In A Nutshell
In its natural form, most cheese is sort of a white color. It’s nothing like the bright orange we see today, and that’s not a new thing. High-quality grazing lands, cows, and milk once made high-quality cheese that was yellow-orange, but when cheesemakers started taking the beta-carotene-rich cream to make butter with, they lost the color that had been a mark of high quality. They started adding all sorts of dyes to make up for it. That was in the 17th century, and we’ve been including the food dyes and additives ever since.
The Whole Bushel
Take a look at the majority of mass-produced cheese in many grocery stores today, and you’ll likely be struck by one thought: nothing natural could ever be that color. We’re fussy about our foods, and whether it’s a slab of weird rubber cheese or a slathering of nacho cheese, it’s pretty unnatural-looking if you bother to pay attention.
That’s nothing new. We’ve been doing weird things to the color of our cheese for centuries.
It all started with high-class cheese. When the best cheese was made in pre-17th-century England, it came from Guernsey and Jersey cows that were native to a particular area in England. For around 500 years, all the best cheese came out of the village of Cheddar in Somerset. (Yes, really.) And that kind of fame means that their product sets the standard.
The grasses that Somerset cows grazed on was known for its high beta-carotene content, which was passed on to the cows’ milk.

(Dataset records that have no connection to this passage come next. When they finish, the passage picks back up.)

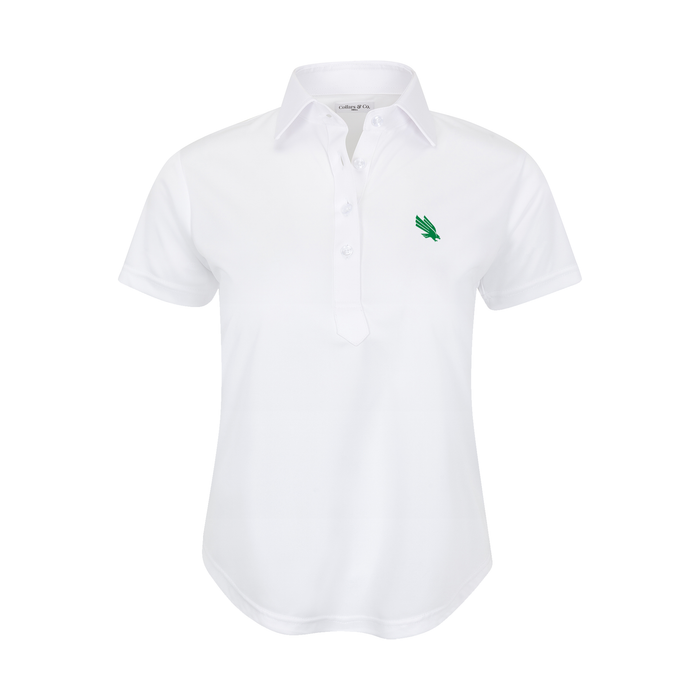 North Texas Women's Cap Sleeve Semi Spread Polo White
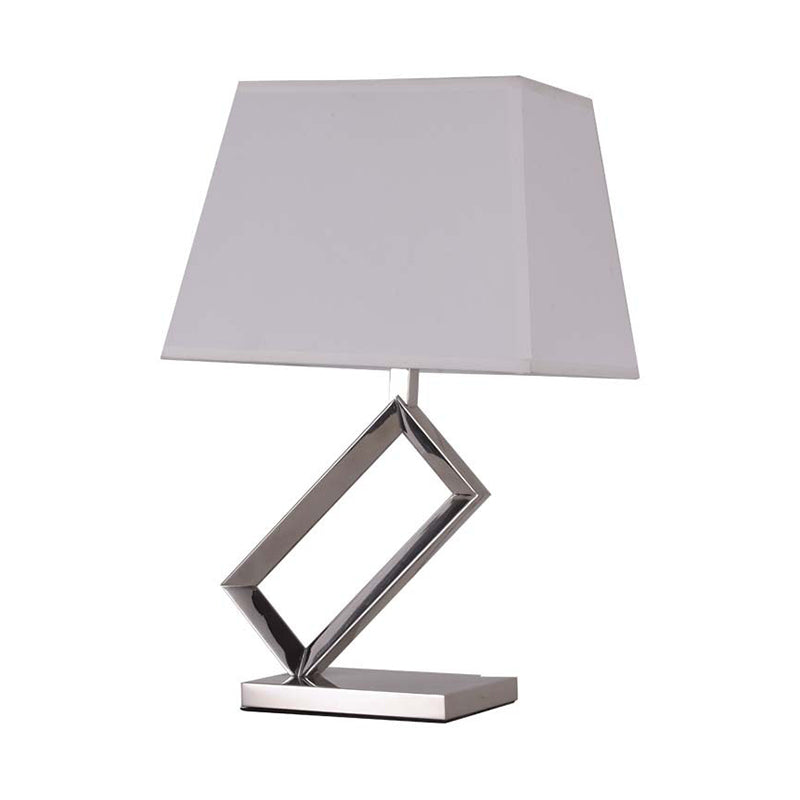 Modern White Fabric Table Light With Pagoda Shade - Stylish Bedside Lamp Steel Frame Base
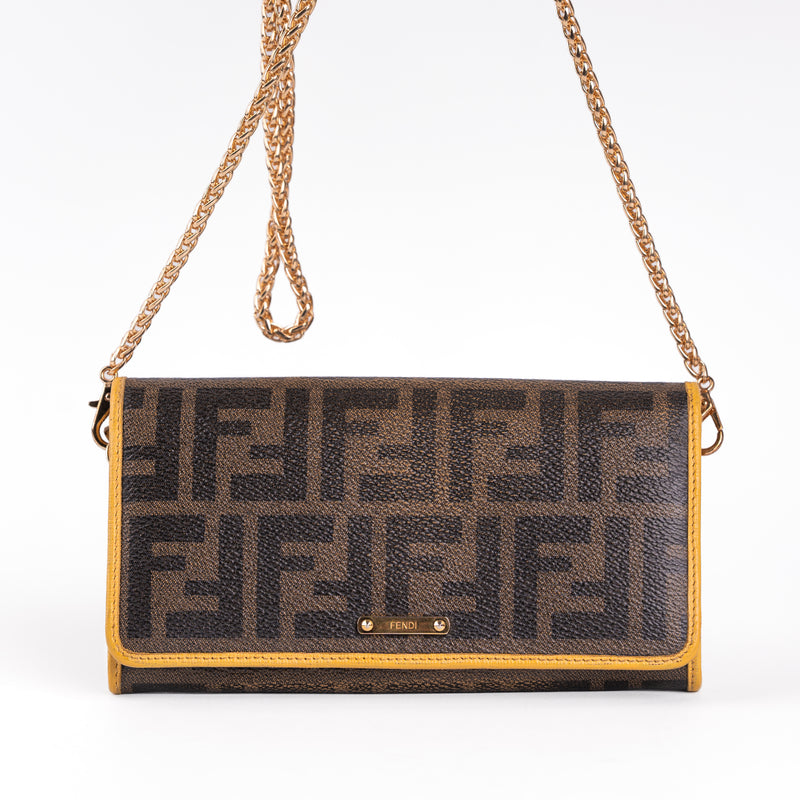 Fendi Zucca Wallet Tobacco Yellow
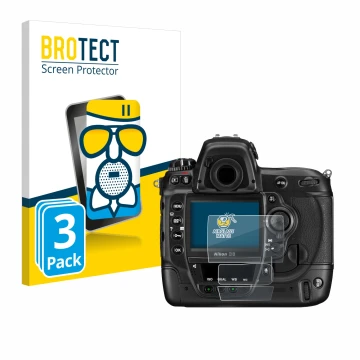 Parte frontale di una confezione del prodotto con il logo del marchio BROTECT. Accanto è raffigurato il dispositivo Nikon D3 c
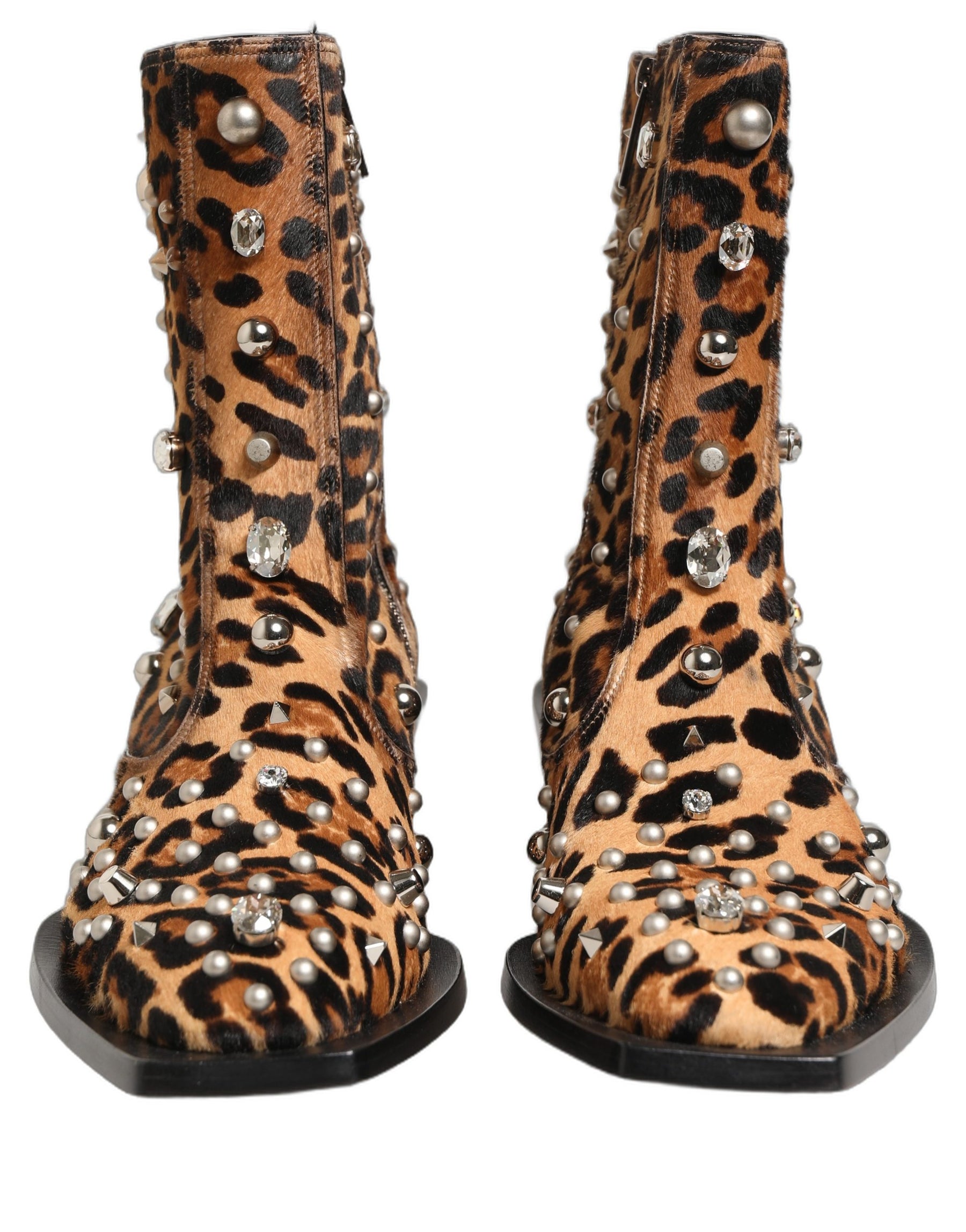 Dolce & Gabbana Brown Leopard Embellished Mid Calf Men Boots Shoes | Regal Royce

That gives the final product a sort of mildly yellowish-orange color. That’s how you knew your cheese was the good stuff.
By the time the 1800s hit, cheesemakers were learning how to stretch their raw materials a little farther. If they took off the cream, they could use it to make butter.
That also took away the color that people had become so used to. The cream is where the color is.
Cheese became white, and people don’t like those kinds of sudden changes in their favorite foods. So in the 17th century, cheesemakers started something that’s continued today.
They started adding things like marigold, carrot juice, and saffron to their cheese in order to keep it the same color. Finally, they settled on a food dye called annatto, which was taken from the seeds of the achiote plant.
It has a long history, and it’s a South American native that was even used by the Mayans to change the color of their food.
It’s claimed to have some health benefits, too, like lowering blood pressure, but it’s also been claimed that it can cause some major digestive issues and aggravate irritable bowel syndrome.
Annatto showed up most noticeably in Leicestershire cheese, and it’s still one of the most distinctively colored cheeses, bright red because of the annatto.
People took their cheese seriously in England, and as early as the 1750s there were standards that cheesemakers were held to. These standards weren’t just locked away in some government office to be read only by the upper class or the literate, either.
They were spread by word of mouth and by official town criers who made sure everyone knew about the standards required and the punishments that would be handed out to anyone who sold low-quality cheese.